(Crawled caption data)
==========

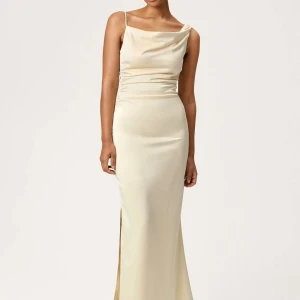 Champagnefärgad långklänning i satin - Elegant långklänning i champagnefärgad satin med smala axelband. Klänningen har en figurnära passform och en slits på sidan. Perfekt för bal. Snygg asymmetrisk rygg, man kan både ha klänningen som på hemsidan eller off shoulder. Använd 1 gång, så i mycket bra skick. 🥰 Använde min själv på balen och kände mig så fin! Ordinariepris 1 595kr. 🥰pris kan diskuteras. 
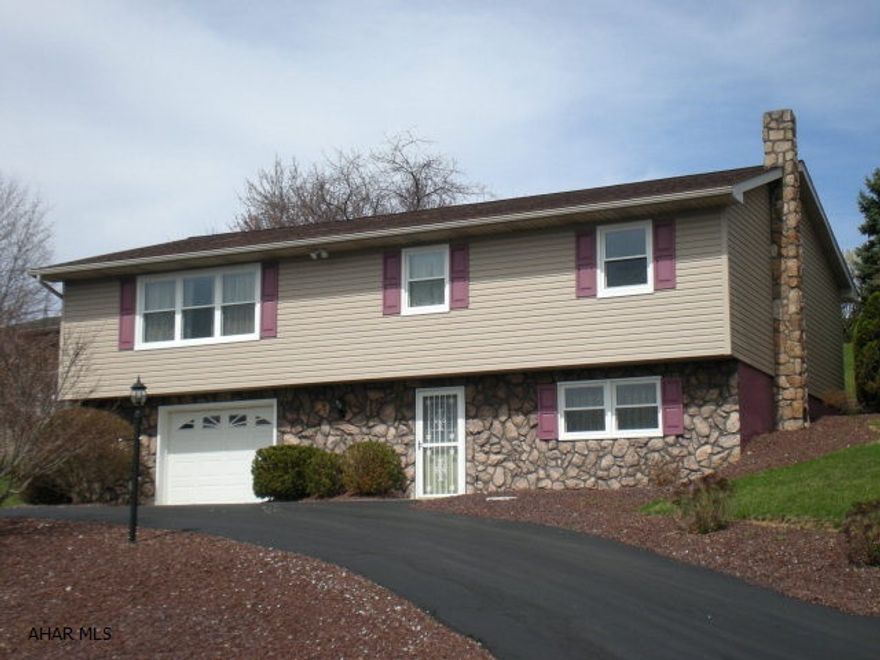 Well maintained home in desirable Rolling Hill with terrific mountainous view to enjoy from inside. Large Family Room with Berber carpet and a Wood Burning Woodsman Stove for those cooler days.Plumbing exists to install a 2nd Bathroom in the Basement Adjoining the Family Room. Newer Windows (1 Year approx), ECO Water Treatment System and Ultraviolet Disinfection Unit (filter), 80 Gallon Electric Water Heater,Heat Pump and Central AC.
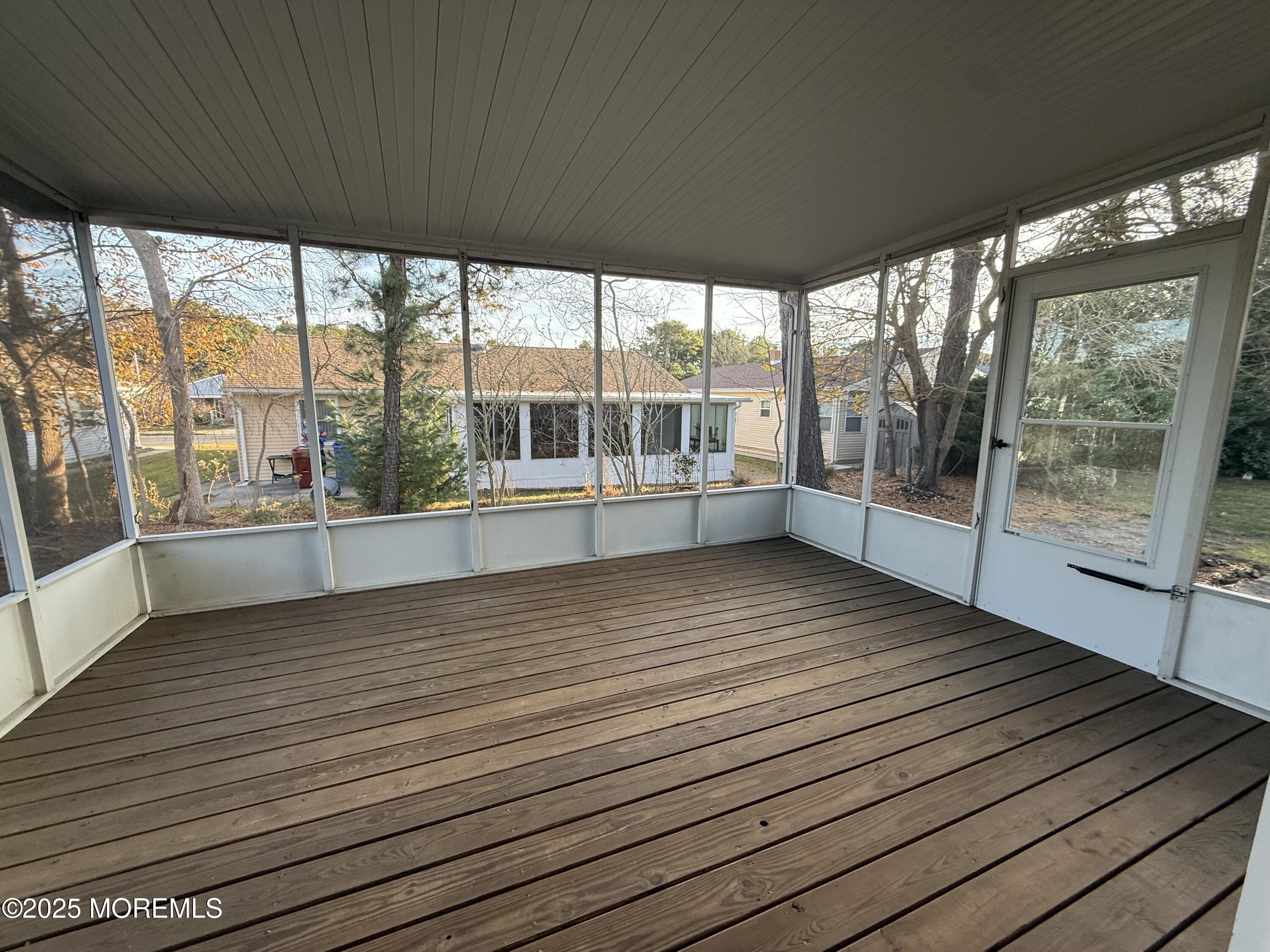 68 Virgin Islands Drive Toms River, NJ 08757 - Photo 10 of 19 a view of a room with wooden floor and windows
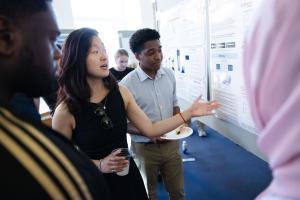 A student explains an element of a poster during the session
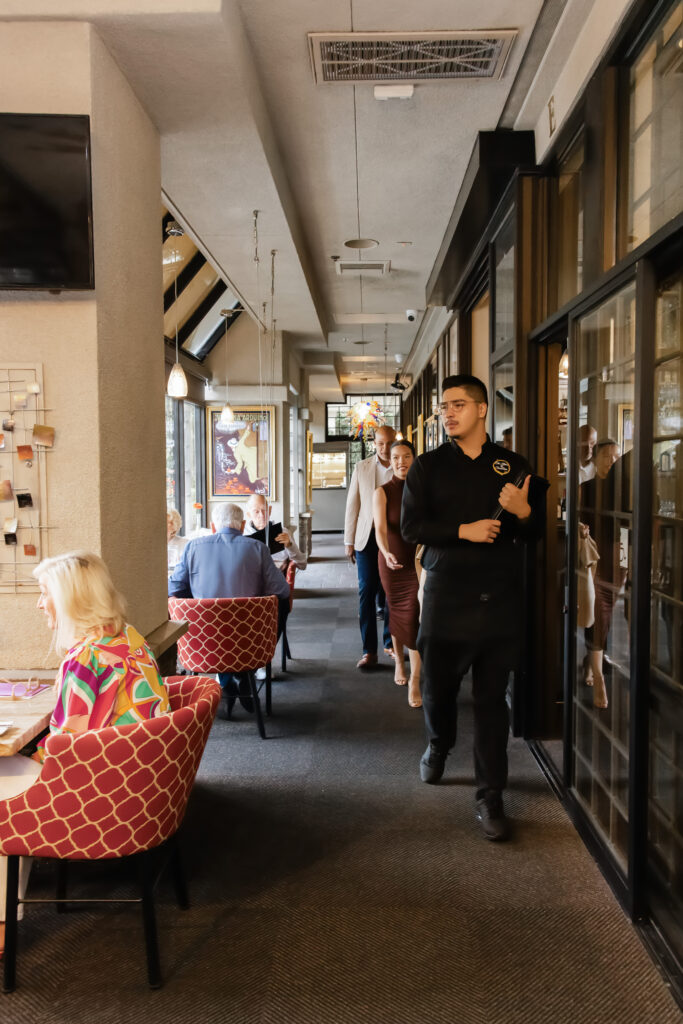 A cozy and welcoming view of the restaurant's dining space filled with happy guests.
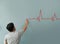 Man drawing heartbeat with red chalk on wall.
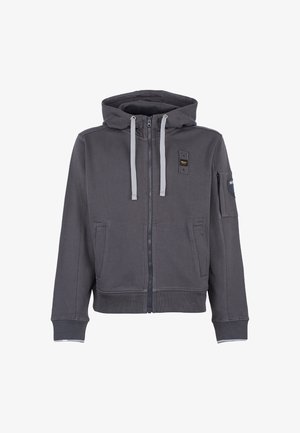 Felpa grigia con zip, dotata di cappuccio regolabile con cordino, due tasche anteriori e una tasca sulla manica. Presenta dettagli grigi a contrasto e una texture di stoffa morbida.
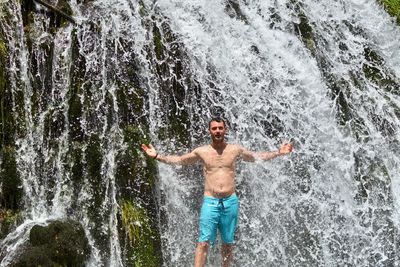 Full length of shirtless man in water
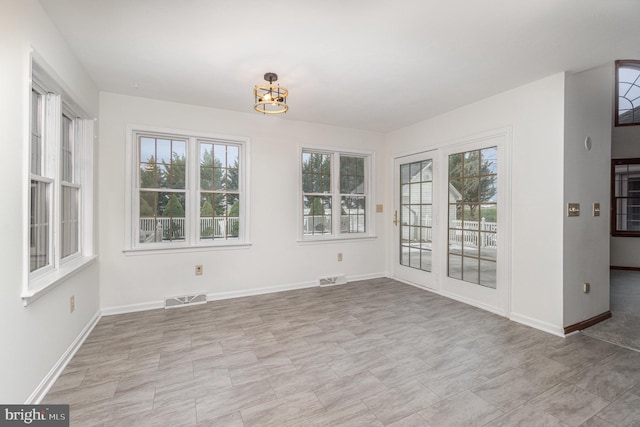 unfurnished dining area with a wealth of natural light and an inviting chandelier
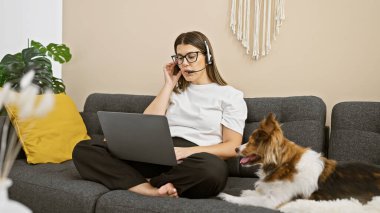 Gözlüklü ve kulaklıklı genç İspanyol kadın evcil köpeğinin yanındaki koltukta dizüstü bilgisayar kullanıyor..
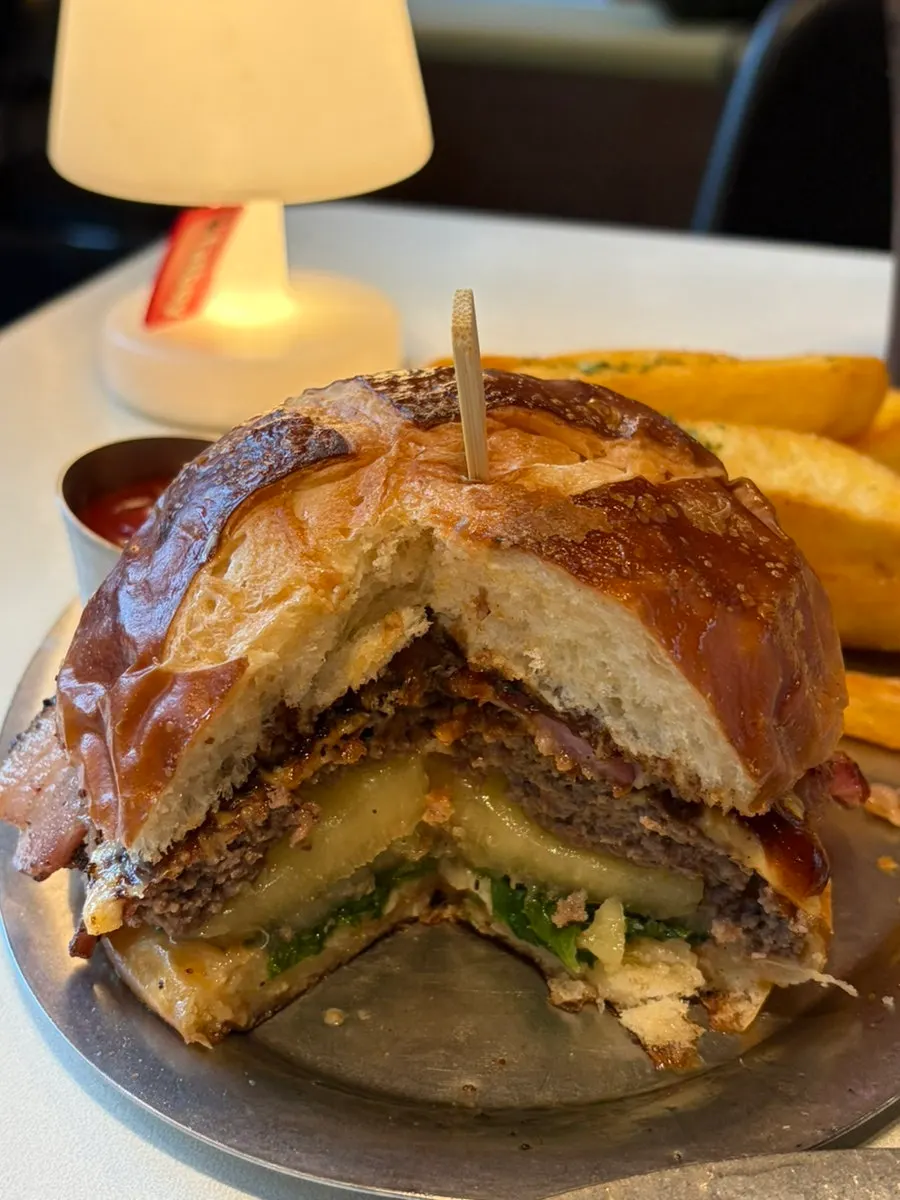 A bite taken out of the Hawaiian Bacon BBQ Burger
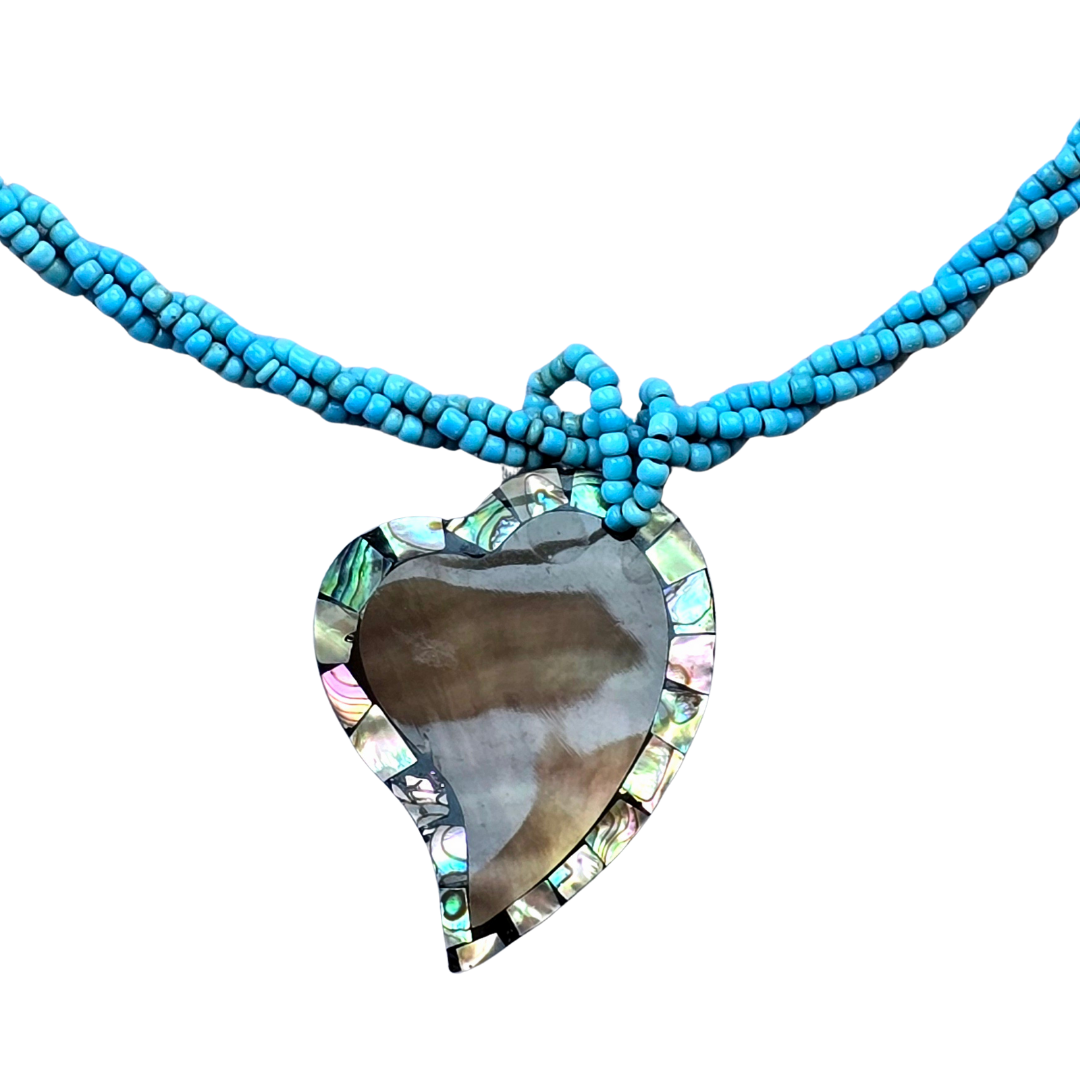 Heart shape shell necklace from the Peruvian Amazon - Amazon Ecology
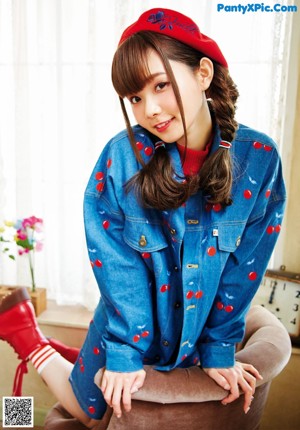 A woman in a blue and white pajamas standing in front of a door.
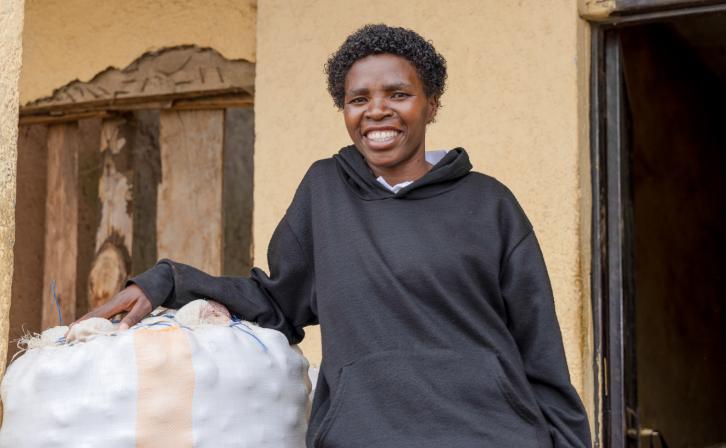 Mukarwego Agnes standing beside stored Irish potatoes, a key commodity in her agribusiness.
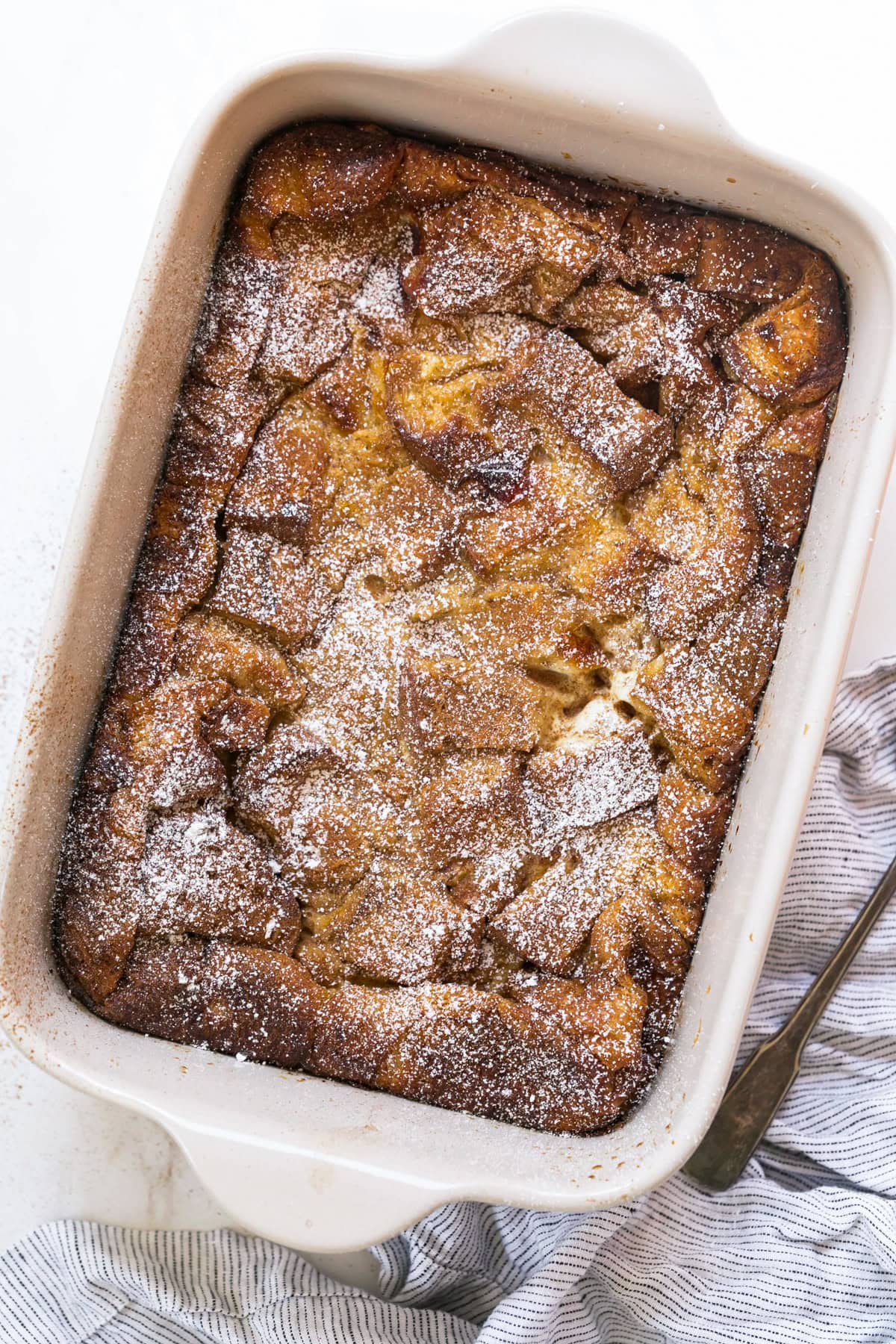This overnight crème brûlée French toast bake is an easy make-ahead breakfast with fluffy challah, eggy custard, and only 15 minutes of prep! Overhead view of a baked creme brulee French toast casserole dusted with powdered sugar.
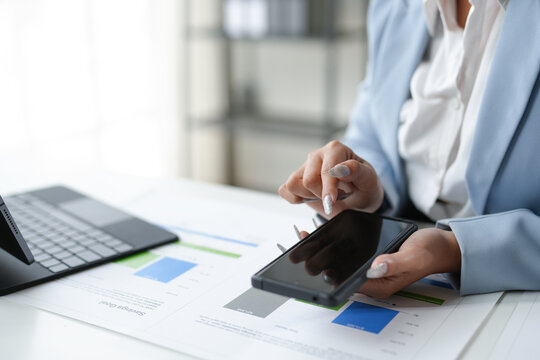 Businesswoman is using a smartphone to analyze financial data, with charts and graphs spread out on the desk in front of her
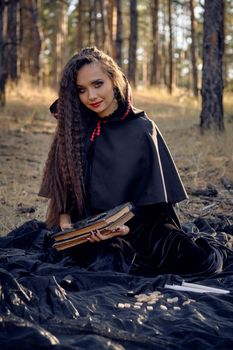 Witch in black dress with cape and hood. Posing in pine forest. Sitting on dark blanket whith books, candles and runes on it. Full length.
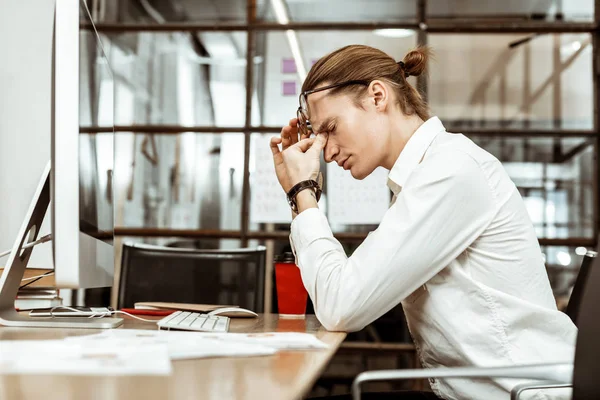 Leuke jonge man houden een brug van zijn neus — Stockfoto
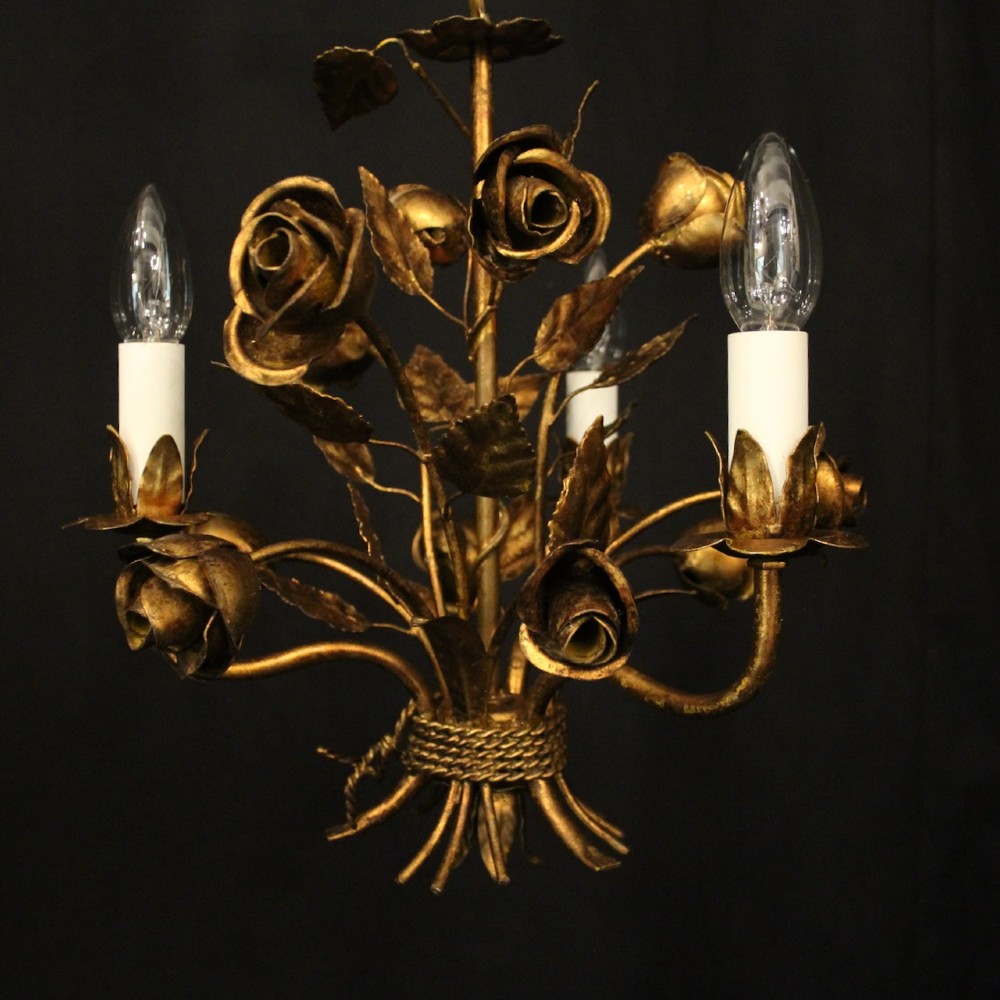 A French gilt metal triple-light chandelier styled with hand-formed metal rose blossoms, leaves, and a tied sheaf motif at the base. View III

==========

What is needed is an exact restatement of the lines from the line with "Leuke jonge man" through the final line of the data, pictures excluded.

 Leuke jonge man houden een brug van zijn neus — Stockfoto
 A French gilt metal triple-light chandelier styled with hand-formed metal rose blossoms, leaves, and a tied sheaf motif at the base. View III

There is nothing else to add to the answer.